É injusto limitarmo-nos aos indicadores macroeconómicos mais comuns para aferirmos os sucessos deste governo
Neste momento, essa máquina de propaganda está apostada em contar uma história: o governo reivindica como sucesso seu a retoma recente do PIB e do emprego, mas enjeita qualquer responsabilidade pela contracção da economia e do emprego ao longo da primeira metade da legislatura.
Contar a história desta maneira requer que se enfatize a trajectória recente, especialmente o crescimento do PIB e do emprego nos últimos cinco ou seis trimestres, em detrimento do desempenho global alcançado durante a legislatura. Pois dá-se o caso – ainda que, sob tanta propaganda, isso nem sempre seja recordado – do PIB trimestral estar ainda cerca de 4% abaixo do que sucedia quando o governo entrou em funções. E dá-se também o caso do volume de emprego ser inferior em cerca de 220.000 postos de trabalho face a Junho de 2011. Aquilo que tantos comentadores e apaniguados louvam como inquestionável sinal de sucesso – “o PIB está a crescer” – não é mais do que uma incompleta recuperação de parte do que foi destruído por este mesmo governo.
A coligação governamental, dando mostras de sagacidade política, soube sempre que teria vantagem em concentrar a austeridade na primeira metade da legislatura de modo a concentrar temporalmente a dinâmica recessiva e permitir alguma recuperação quando se aproximassem as eleições.
Fazê-lo implicou uma série de volte-faces.
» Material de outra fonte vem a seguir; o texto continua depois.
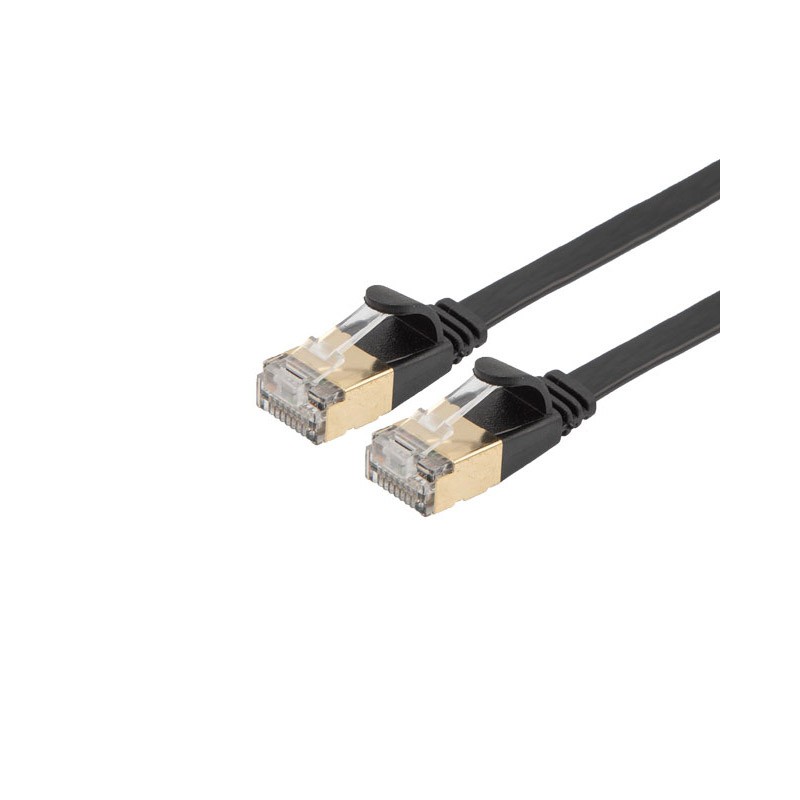 1 pcs : TRD632ASFLAT-BLK-10F - C6A ULTRAFLAT U/FTP 32AWG CM PVC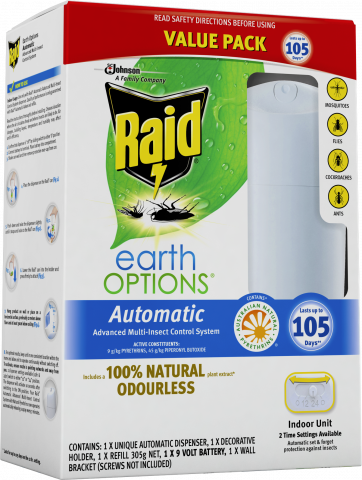 RAID EARTH OPTIONS VALUE PACK - INLC 1 X DISPENSER & 1 X REFILL 305G - 2 PACKS / CTN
O aumento do salário mínimo, diabolizado pelo governo no inicio da legislatura como destruidor de emprego, passou entretanto a “desejável”. No início da legislatura, saudava-se como sucesso a eliminação do défice externo mesmo quando essa eliminação era um mero efeito colateral da recessão; no final da legislatura, saúda-se como sucesso o crescimento económico mesmo quando acompanhado pelo regresso do défice externo. Também nisto a coligação dá provas de sagacidade política: dada a relativa impermanência da memória no debate público, a coerência é um valor relativamente secundário em política. Contam menos a a realidade, a consistência lógica ou a racionalidade do que as aparências, o spin e as emoções.
Para não falar do malabarismo extraordinário que é necessário para qualificar como “ajustamento” um período de quatro anos em que a dívida pública passou de 108% para 130% do PIB e a dívida externa líquida passou de 83% para 104% do PIB. Ao fim destes quatro anos, exactamente que parte destes dois desequilíbrios macroeconómicos fundamentais é que foi “ajustada”?
E note-se que o governo até tem tido do seu lado uma conjuntura singularmente favorável em pelo menos três vertentes: a baixa histórica das taxas de juro a nível mundial, a depreciação do euro e a queda do preço do petróleo. Pois mesmo com estas ajudas extraordinárias, o sucesso macroeconómico do governo pode medir-se pelo emprego e pelo produto muito abaixo, e pelas dívidas pública e externa muito acima, do que era o caso quando entraram em funções.
Mas seria injusto e incompleto limitar a análise do desempenho do governo aos aspectos estritamente macroeconómicos. Há toda uma panóplia de transformações estruturais da economia portuguesa que se escondem por detrás dos indicadores mais comuns – e o governo tem procedido a uma série delas. Há a privatização, em geral por montantes irrisórios, da quase totalidade do que restava do sector empresarial do estado. Há a redução significativa da cobertura de apoios sociais como o rendimento social de inserção ou o complemento solidário para idosos. Há a redução de 46% para 43% da parte dos salários no rendimento nacional, em detrimento dos rendimentos de capital. Há a quase eliminação dos contratos colectivos de trabalho. Há o aumento, de 11% para 20%, da proporção dos trabalhadores que auferem o salário mínimo.
Houve, em suma, um aproveitamento magistral destes quatro anos para desvalorizar e precarizar o trabalho, para abrir novas esferas de actividade à acumulação privada e para transformar Portugal numa sociedade menos justa, menos solidária e mais desigual.
Foram esses os grandes sucessos deste governo. Infelizmente, para mal da maioria de nós.